El-Bab’da Rus uçaklarının yanlışlıkla askerlerimizin kaldığı bir
binayı bombalaması sonucu 3 yiğit vatan evladımız şehit oldu, 11
askerimiz de yaralandı. Olaydan hemen sonra Rusya Devlet Başkanı
Putin ve Rus Genelkurmay Başkanı muhataplarını arayarak bu kaza
için üzüntülerini ifade edip özür dilediler. Onların bu tavrından
sonra diplomatik olarak yapılacak çok fazla bir şey yok.
***
Yapılacak iki şey vardı. Onlar da yapılıyor.

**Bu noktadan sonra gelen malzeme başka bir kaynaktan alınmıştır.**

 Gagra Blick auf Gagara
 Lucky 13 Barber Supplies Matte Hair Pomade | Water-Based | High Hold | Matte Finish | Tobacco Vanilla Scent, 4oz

Bunlardan birisi böyle
bir kazanın bir daha yaşanmaması için tedbir alınması. İkincisi ise
‘Bu olay gerçekten kaza mıdır? İşin içinde bir tuzak var mıdır?
Yoksa kaza süsü verilmiş bir intikam saldırısı mıdır?’ konusunun
detaylı bir biçimde araştırılması ve incelenmesidir. Kremlin
sözcüsünün “Uçaklarımız, Türk partnerlerimizin verdiği
koordinatlara göre hareket etti, orada Türk askerinin bulunmaması
gerekiyordu” açıklaması meselenin kazanın ötesinde boyutları
olduğunu gösteriyor. Genelkurmay Başkanlığının “Uçakla vurulan
unsurlarımız takriben 10 günden beri aynı noktada bulunmaktadır”
tarzındaki açıklaması tuzak şüphesini daha da güçlendiriyor.
***
TSK bir hattın koordinatlarını veriyor ve askerlerin bu hattın ne
tarafında olduğunu bildiriyor. Bir noktanın koordinatını vermiyor.
Yani işin içinde bir yanlış koordinat verme durumu yok. Peki, Rus
pilotlar Türk askerlerini bilerek mi vurdu? Yetkililer buna gönül
rahatlığı ile ‘hayır’ diyor.
PEKİ, NEDİR İŞİN ASLI?
Rusya-Türkiye ilişkilerinin tekrar düzelmesi, Suriye’de sıkı bir iş
birliğine gitmesi ve bu sorunun barışçıl yollarla çözümü konusunda
inisiyatif almış olmaları, Astana sürecindeki başarılı iş birliği
en çok üç cenahı rahatsız etmiştir. ABD, İran ve Esad rejimi bu
yakınlaşma ve iş birliğinden rahatsız olmuştur.